= Beginning of Section =

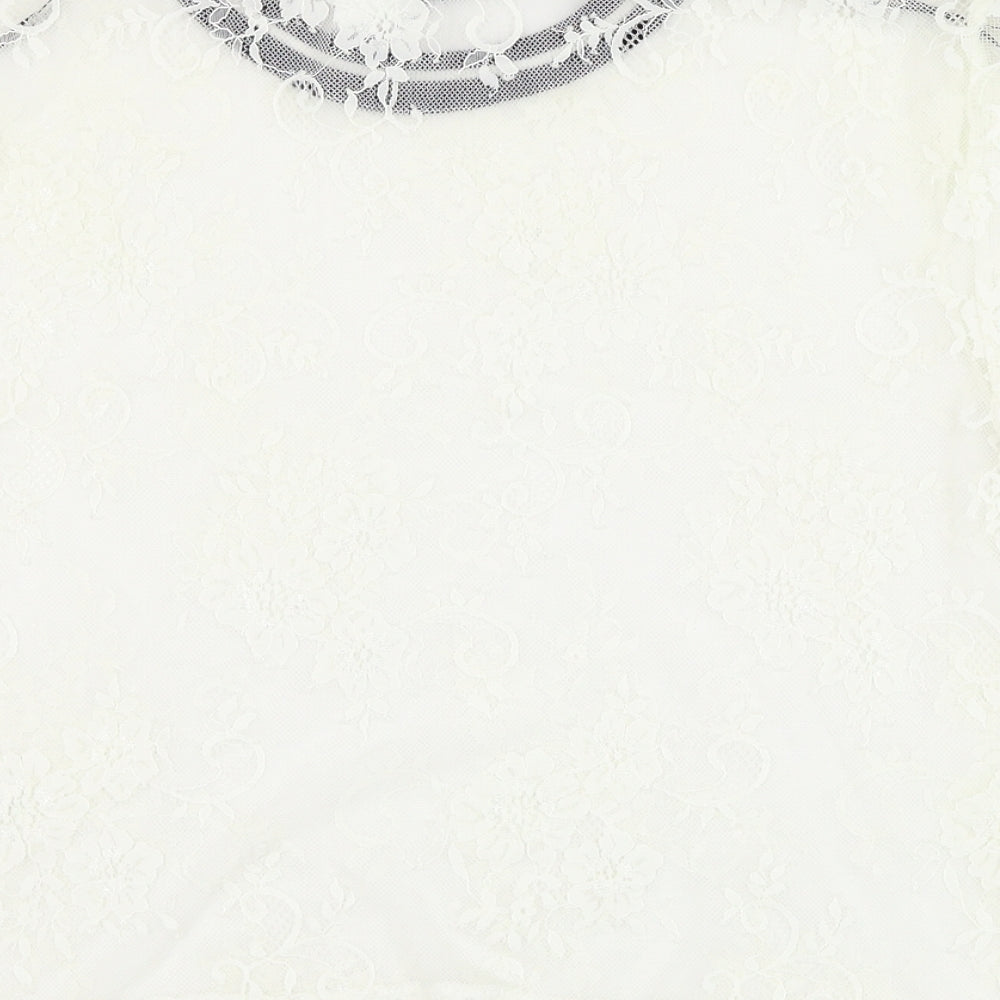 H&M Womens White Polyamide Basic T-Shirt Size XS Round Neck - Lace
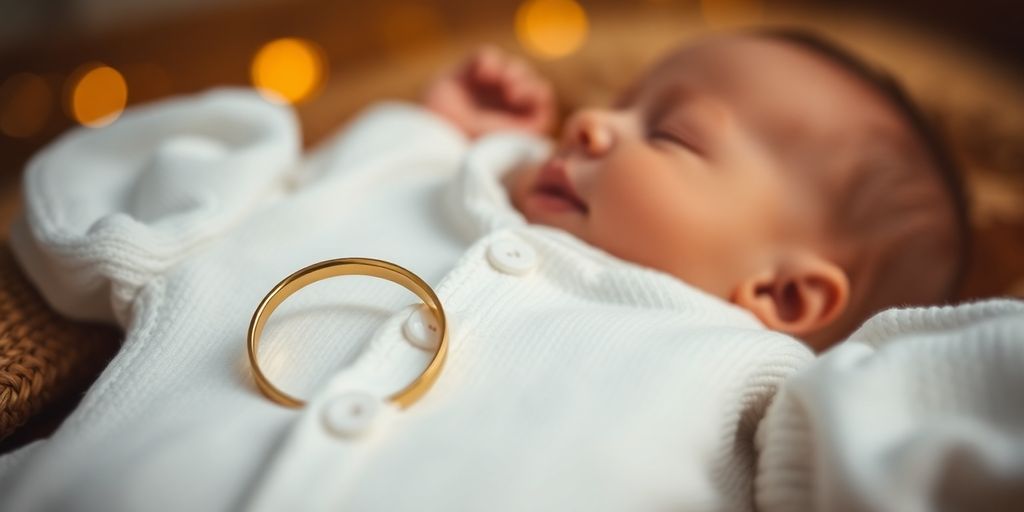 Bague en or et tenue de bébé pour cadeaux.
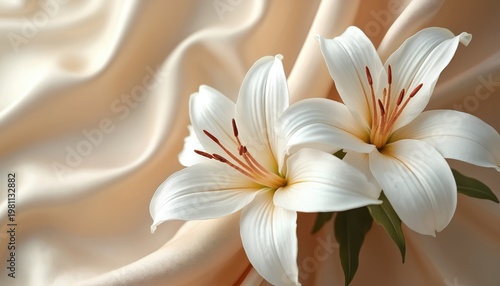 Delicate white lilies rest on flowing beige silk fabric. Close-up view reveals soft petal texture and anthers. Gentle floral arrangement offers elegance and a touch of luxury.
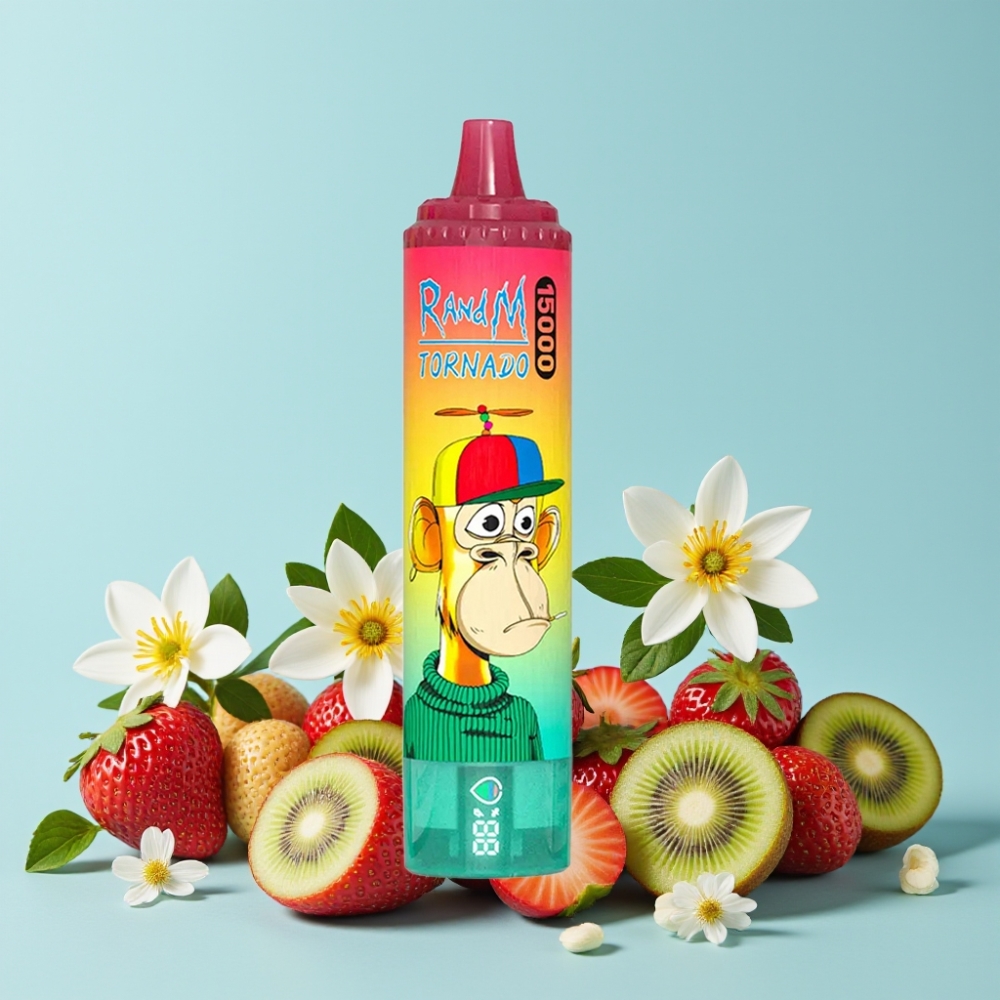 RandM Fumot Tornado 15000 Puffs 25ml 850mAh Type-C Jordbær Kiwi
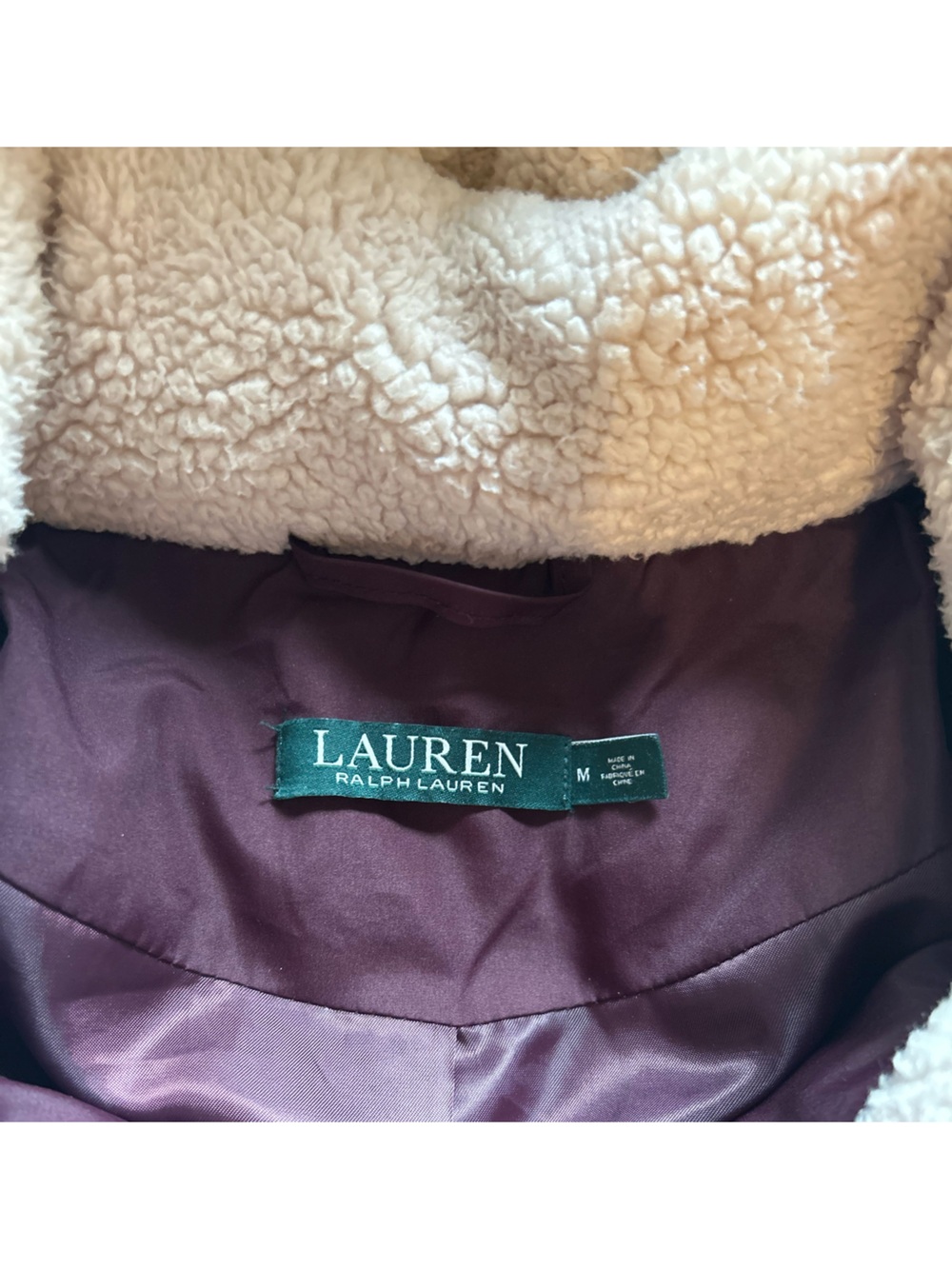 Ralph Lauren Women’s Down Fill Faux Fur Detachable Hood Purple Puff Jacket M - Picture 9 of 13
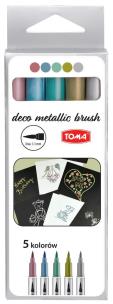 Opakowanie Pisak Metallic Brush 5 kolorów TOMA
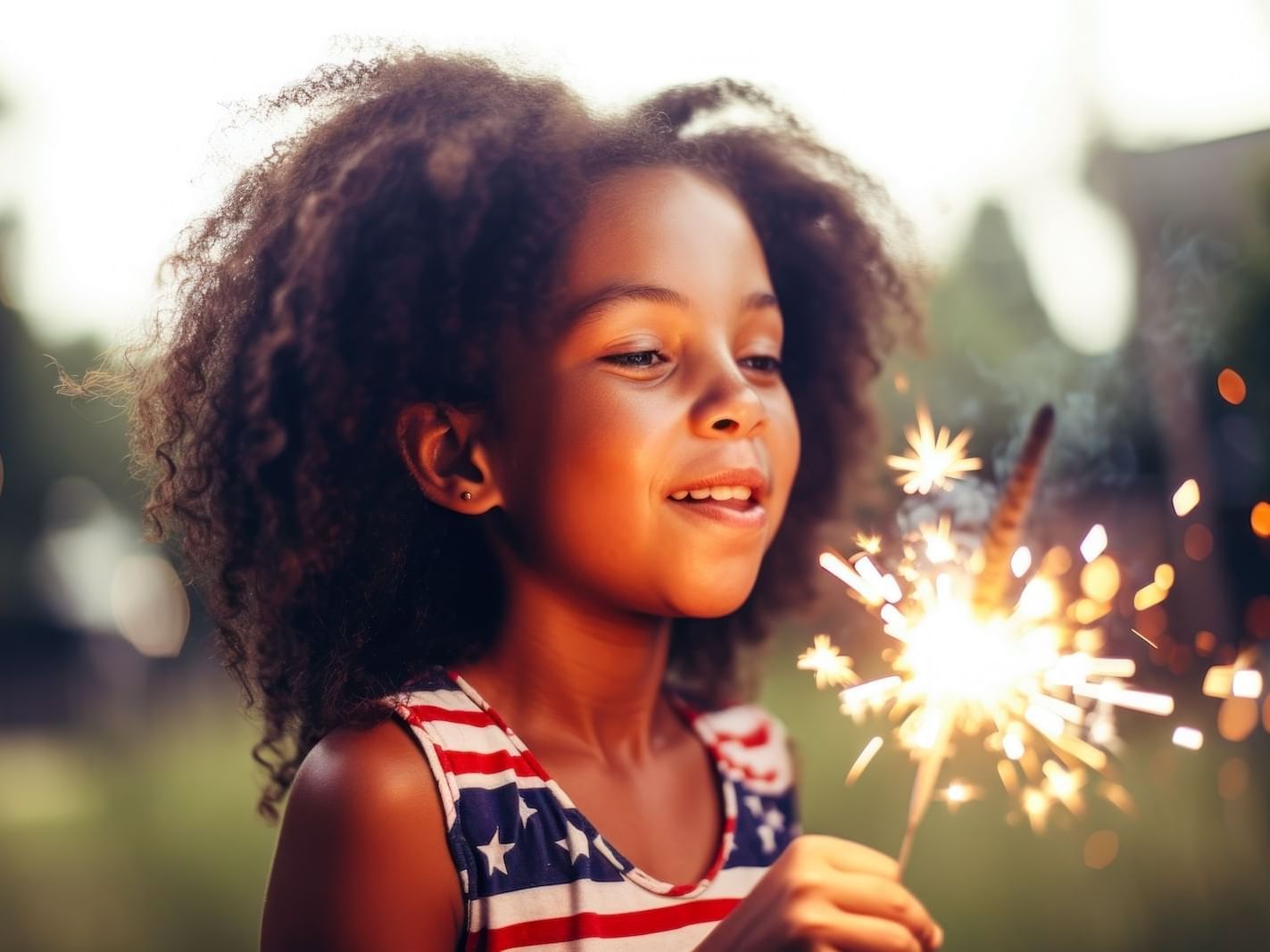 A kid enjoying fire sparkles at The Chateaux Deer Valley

= End of Section =

▸ **TASK REQUIREMENTS**:
Beginning at the line that holds "Opakowanie Pisak Metallic" and ending with the last line of the entries, please set down each line exactly, leaving every picture out.

▸ **TASK SOLUTION**:
 Opakowanie Pisak Metallic Brush 5 kolorów TOMA
 A kid enjoying fire sparkles at The Chateaux Deer Valley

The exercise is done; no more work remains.